BRONZEVILLE — Two Bronzeville organizations have partnered to help neighbors struggling to afford food and basic supplies, while building the neighborhood’s ability to provide for itself after the pandemic ends.
“When COVID happened, [Sacred Keepers] came to a standstill,” said founder Toni Anderson. “Then when George Floyd and the unrest that came with that impacted our communities, and we didn’t have access to food and other goods, my concern … was that the mothers and elders of our community wouldn’t have what they needed.”
The Bronzeville/Kenwood Mutual Aid network, which began organizing in response to the pandemic late in the spring, has supported the hub since August.
Upon meeting, Anderson and aid network members Justin Williams and Cosmos Ray brainstormed how to create a system for neighbors to give what they can and receive what they need.
So far, their collaboration has supported the Reciprocity Hub, which includes two Love Fridges where people can donate food for others to pick up.
The groups also hold a regular food and cleaning supply distribution, which is supported by mutual aid groups and community organizations across the city.
“There’s this connectivity that’s happening despite the distance of COVID … that’s really human and energetic,” Williams said. “Our access to resources is in abundance if we’re connecting ourselves more intentionally.”
The Sustainability Lab, an organization focused on climate and culture, teaches young Chicagoans how to look at their communities as places of “healing for the planet and healing for each other,” Anderson said.
With that mission, the organization’s partnership with the Bronzeville network was a natural one.
Focusing on truly mutual aid differentiates their community assistance model from straight charity, the organizers said.
Charity is organized “for people to show up to take things,” Anderson said. “Some expert somewhere is the source of what that should be and how they should get it.”
Reciprocity is instead “designing an opportunity for the community to give to each other,” she said.
Communities like Bronzeville “have been stripped of so much agency,” Ray said. Reciprocity also reminds locals they can band together and support the community — a lesson that won’t fade when the pandemic does.
In that spirit, the Bronzeville collaboration has received plenty of help as they work to supply their network.
Among the citywide contributors who have made the Bronzeville network’s efforts possible:
- The Grocery Run Club, an initiative that supplies fresh produce and home goods to underserved neighborhoods. The club has used donations to provide 140 boxes of produce and cleaning supplies for the Bronzeville network’s pop-up.
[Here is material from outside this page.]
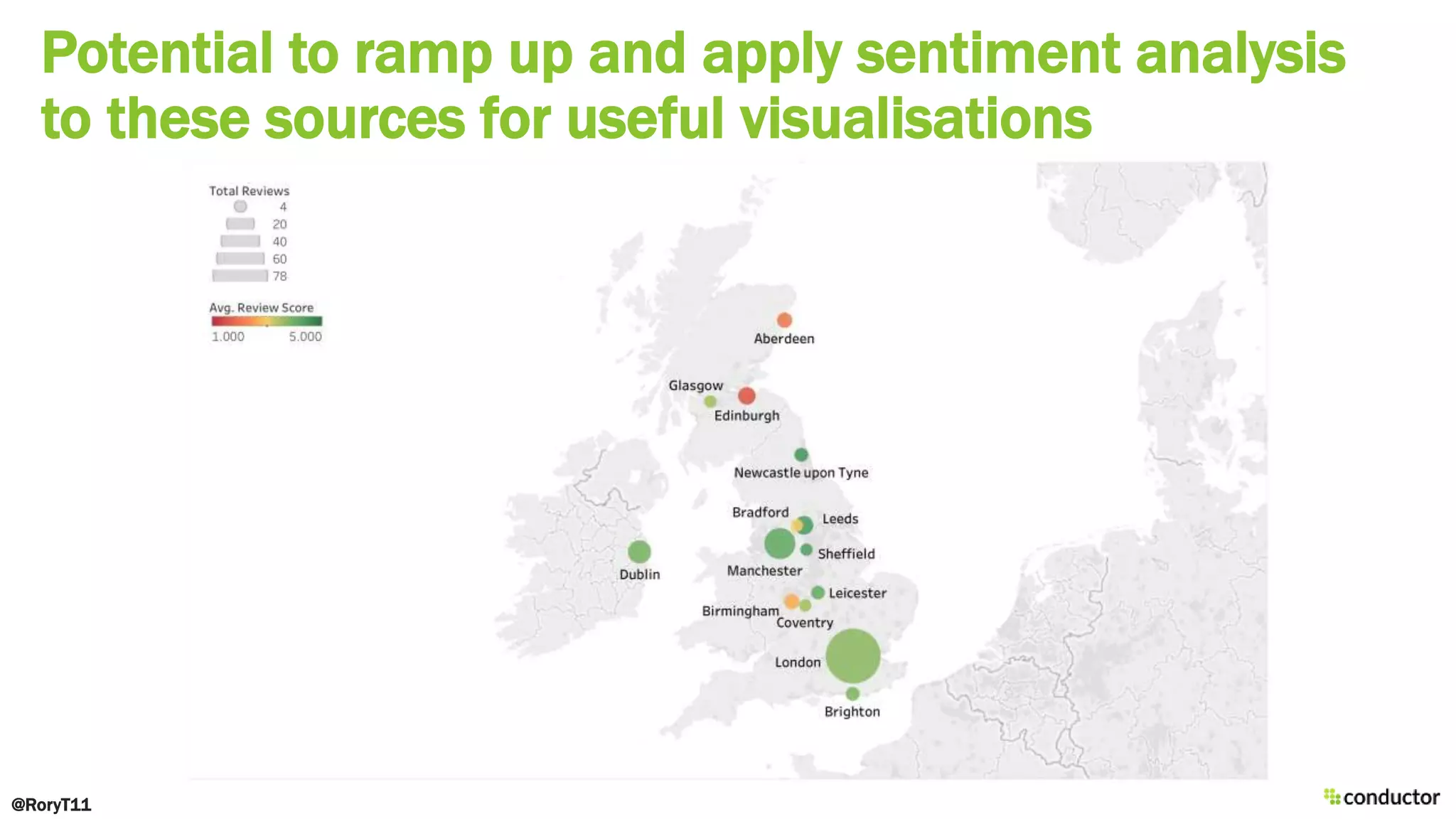 Potential to ramp up and apply sentiment analysis
to these sources for useful visualisations
@RoryT11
- The Love Fridge, which provided two refrigerators: one for general food storage, and the other for a “food pharmacy” offering healthy foods and alternative medicines like herbs, tinctures and roots.
- Nichols Farm, a Marengo-based family farm that provides any food not sold at farmers markets to mutual aid networks.
- The Humboldt Park Solidarity Network, which created a multi-neighborhood fundraiser to support mutual aid efforts in Black and Latino communities.
- Logan Square Mutual Aid, which made weekly deliveries of USDA food boxes.
- The Ravenswood/Lincoln Square, Hyde Park, Far South Side and Boxville mutual aid networks, as well as the Samuel Dewitt Proctor Conference and the South Side Food Distribution Network.
“It’s a tale of two cities — you see the North Side mutual aid hubs with more resources,” Ray said. “But they’re intentional about redistributing money and actual goods and resources to the South and West sides.”
The “whole Chicago mutual aid network has really mobilized” to support the effort and overcome the city’s disparities, Ray said.
He praised the “creativity and adaptability” of mutual aid volunteers and donors across the city for honoring that principle.
The pop-up distributions will run through at least October, providing free groceries, cleaning supplies and hygiene products. The distributions are 1–4 p.m. Fridays at Sacred Keepers, 4445 S. King Drive on the second floor.
The Reciprocity Hub is open noon–4 p.m. Thursdays and Fridays at the same location.